/credit-card-fraud-detection

It is important that credit card companies are able to recognize fraudulent credit card transactions so that customers are not charged for items that they did not purchase.

Primary LanguageJupyter Notebook

Credit Card Fraud Detection

This repository contains a Python script that implements various machine learning models to detect credit card fraud based on a dataset of anonymized credit card transactions.

The dataset used in this project can be found on Kaggle: Credit Card Fraud Detection Dataset

Overview

The script follows these steps:

  1. Import libraries
  2. Load the dataset
  3. Preprocess the data (handle missing values, duplicates, and outliers)
  4. Standardize numerical features
  5. Split the data into training and testing sets
  6. Handle imbalanced data using SMOTE
  7. Train multiple models (Logistic Regression, Random Forest, KNN, XGBoost, and LightGBM)
  8. Evaluate model performance using various metrics
  9. Perform hyperparameter tuning (optional)

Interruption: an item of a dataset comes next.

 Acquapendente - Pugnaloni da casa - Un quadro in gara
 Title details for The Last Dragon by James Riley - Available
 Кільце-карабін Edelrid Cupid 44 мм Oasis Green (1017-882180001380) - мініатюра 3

Based on the evaluation metrics, the Random Forest model performs the best among the selected models.

Model Performance

The following table shows the performance of the models used in this project:

Model AUPRC Precision (class 1) Recall (class 1) F1-score (class 1) False Positives False Negatives
Logistic Regression 0.7322 0.80 0.64 0.71 16 28
Random Forest 0.8348 0.91 0.76 0.83 7 23
KNN 0.5461 0.24 0.83 0.37 209 13
XGBoost 0.7943 0.89 0.68 0.77 9 25
LightGBM 0.8159 0.88 0.73 0.80 10 21

Usage

To run the script, you will need JupyterNotebook and the following libraries installed:

  1. numpy
  2. pandas
  3. scikit-learn
  4. imbalanced-learn
  5. scipy
  6. xgboost
  7. lightgbm

Download the dataset from the source and place it in the same directory as the script. Then, simply run the script using Jupyternotebook.

Conclusion

Based on the evaluation metrics, the Random Forest model performs the best among the selected models for this imbalanced dataset. The reasoning behind this conclusion is as follows:

  1. AUPRC (Area Under the Precision-Recall Curve): Random Forest has the highest AUPRC (0.8348) among all models, indicating better overall performance in distinguishing between the classes when dealing with imbalanced data.
  2. Precision, Recall, and F1-score: Random Forest has the highest precision (0.91) for the positive class (fraud), which means it has the lowest false positive rate among the models. It also has a good recall (0.76), which means it can detect a considerable proportion of the actual fraud cases. The F1-score (0.83) for the positive class in Random Forest is also the highest, indicating a good balance between precision and recall.
  3. Confusion Matrix: The confusion matrix of the Random Forest model shows the smallest number of false positives (7) and a relatively low number of false negatives (23) compared to other models.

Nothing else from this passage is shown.